Héctor Paralluelo se ha confirmado en No todo es vigilia como el ojo de las historias mínimas, aquel realizador que no tiene ningún problema en enfrentarse con el drama de lo cotidiano, las criaturas que luchan por vivir, y no sólo eso, sino por hacerlo lo mejor posible. Igual que en su último documental, estrenado esta semana, no tiene miedo en mirar de frente a la vejez, en su primer trabajo ya demostró su interés por lo humano por encima de lo artístico en Yatasto.
Su opera prima puede recordar de algún modo a The Selfish Giant, con el añadido de encontrarnos ante una obra profundamente realista y no de ficción. El cine documental siempre se debate entre ese equilibrio entre la carga de veracidad que puede tener una realidad captada entre cámaras y unas historias y unos personajes que no han necesitado salir de la mente de nadie. En el debut de Paralluelo, estos personajes eran los niños de Villa Urquiza, un barrio pobre de la ciudad de Córdoba, que ejercen de chatarreros y viven, o mejor dicho, sobreviven de los deshechos que colectan.

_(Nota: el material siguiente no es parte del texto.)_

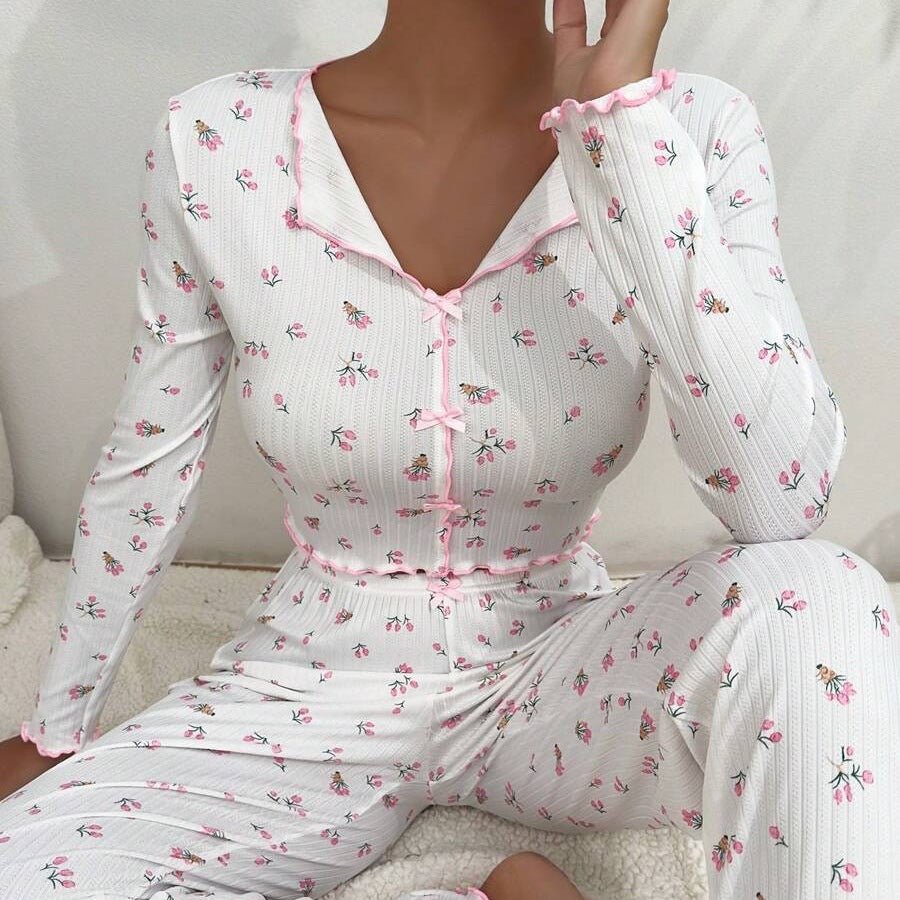 Cute bow tie lapel hem long - sleeved loungewear set - Negative Apparel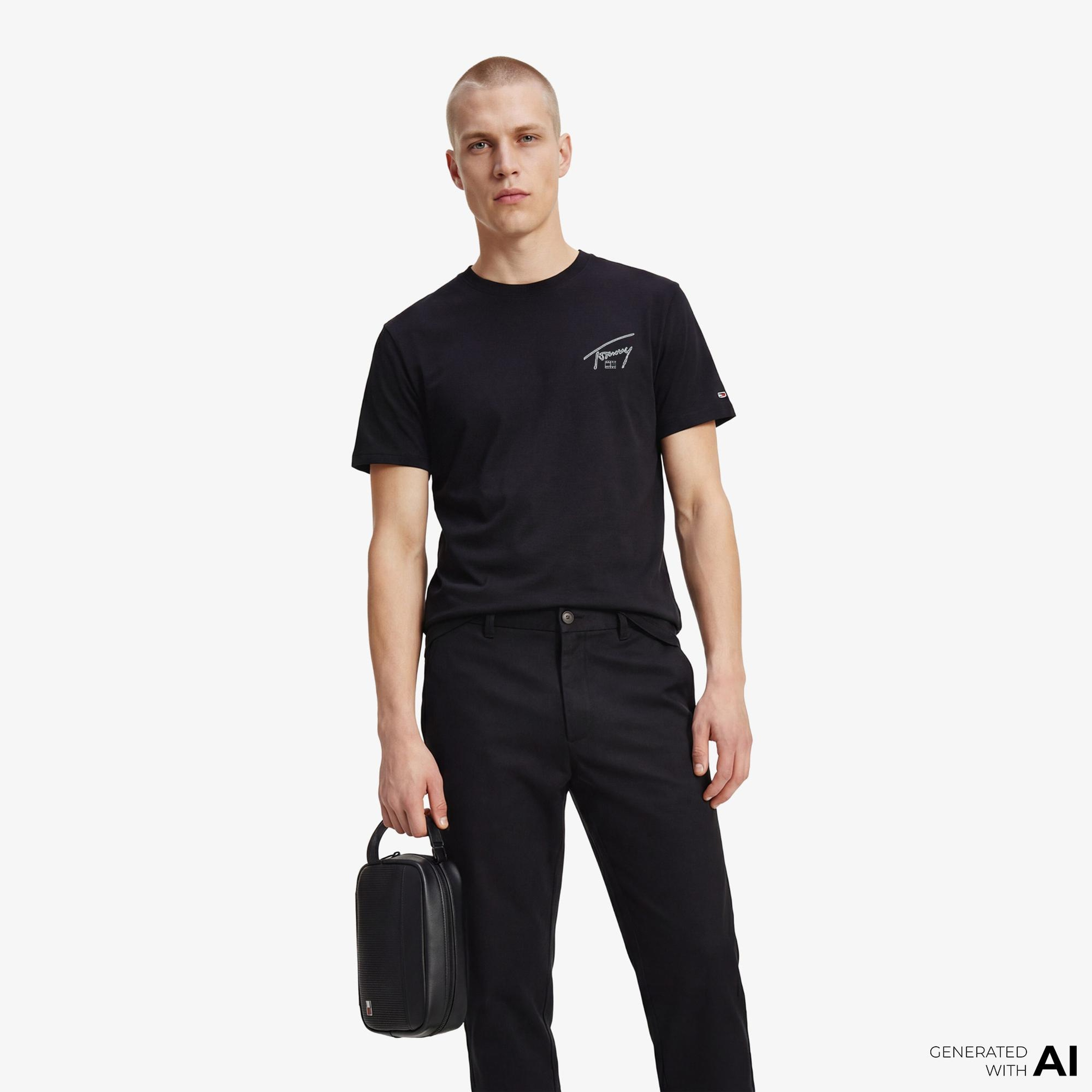 Tommy Hilfiger Signature Erkek Siyah T-Shirt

El director los muestra, pero no los valora. No se cae en demagogias baratas ni estereotipos oxidados, no se nos vende un mensaje, sino que se nos invita a valorar las imagenes construidas. Todo es como un agradable paseo relajado, agradable relativamente dentro de ese micromundo de pocos recursos y muchos sentmientos. Paralluelo muestra a los niños tal y como son en sus labores, si es que se les puede llamar así, y como son también en sus casas. Pero especialmente, sin esas estridencias que parecen tan propias a veces del cine de lo real, es capaz de mostrarnos los vínculos que tienen como si estuvieran marcados con una gruesa línea cada uno.
Vínculos con sus familias, vínculos entre ellos, y, especialmente, los vínculos que se establecen entre los niños y los caballos que tiran de los carros que usan para recolectar y con los propios carruajes. Sus posesiones. Son vínculos algo controvertidos, porque cuando uno no tiene apenas nada, se aferra a los pocos fragmentos que consigue encontrar para no perderlos también, y eso a veces lleva a tensiones del día a día.
Los cartoneros, que a veces son usados como tópico al otro lado del charco, sirven aquí como excusa para demostrar otra idea completamente distinta: que hay nobleza en todas partes, que la dignidad es un derecho humano, inherente a cualquier persona, sea cual sea su labor o su categoría social. Encontramos esa nobleza y esa dignidad en todas las secuencias por las que van pasando los protagonistas de la cinta, y, además, en todas las imagenes que ofrece el director en este trabajo, pues, pese a tratarse de un barrio pobre y un oficio descastado, Paralluelo sabe dignificarlo y mostrar la belleza que hay en toda la situación. Esa misma idea es la que subyace en su segundo trabajo, que la dignidad no entiende tampoco de edades.
No escatima en recursos técnicos el cineasta cordobés, ni en utilizar todos sus conocimientos de lenguaje cinematografico, algo que también pasará en No todo es vigilia. Para no caer en maniqueísmos ni demagogias, y obviar algunas cosas que llevarían a la valoración subjetiva de lo que se está contando en el film, el director se sirve de todas las estrategias visuales que puede para que el espectador valore la historia desde todos los puntos de vista posibles.
Así las cosas, podríamos decir que Pallaruelo es el director por la dignidad, el que no deja que las convenciones sociales del mundo competitivo en el que estamos inmersos guíen qué, cuándo y dónde acaban la nobleza del individuo. Es el que mira íntimamente más allá de lo que se ve, y es capaz de trasladar ese otro punto de vista a la pantalla con historias cotidianas a las que no se daría gran importancia sino, pero que no por usuales son menos impactantes.